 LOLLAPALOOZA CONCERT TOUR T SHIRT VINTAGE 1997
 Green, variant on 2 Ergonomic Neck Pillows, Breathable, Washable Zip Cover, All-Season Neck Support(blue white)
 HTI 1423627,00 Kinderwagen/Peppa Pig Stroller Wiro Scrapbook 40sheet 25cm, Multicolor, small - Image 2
--
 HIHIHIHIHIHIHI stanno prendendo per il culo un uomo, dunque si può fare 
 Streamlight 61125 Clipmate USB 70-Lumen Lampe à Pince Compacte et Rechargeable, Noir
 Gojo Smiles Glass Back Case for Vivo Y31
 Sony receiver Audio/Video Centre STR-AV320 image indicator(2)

■ **WORK INSTRUCTIONS**: Starting at the line above that contains "HIHIHIHIHIHIHI stanno prendendo", write out each line exactly until the line that contains "Sony receiver Audio/Video" has been written, and stop there.

■ **RESPONSE TO THE EXERCISE**:
 HIHIHIHIHIHIHI stanno prendendo per il culo un uomo, dunque si può fare 
 Streamlight 61125 Clipmate USB 70-Lumen Lampe à Pince Compacte et Rechargeable, Noir
 Gojo Smiles Glass Back Case for Vivo Y31
 Sony receiver Audio/Video Centre STR-AV320 image indicator(2)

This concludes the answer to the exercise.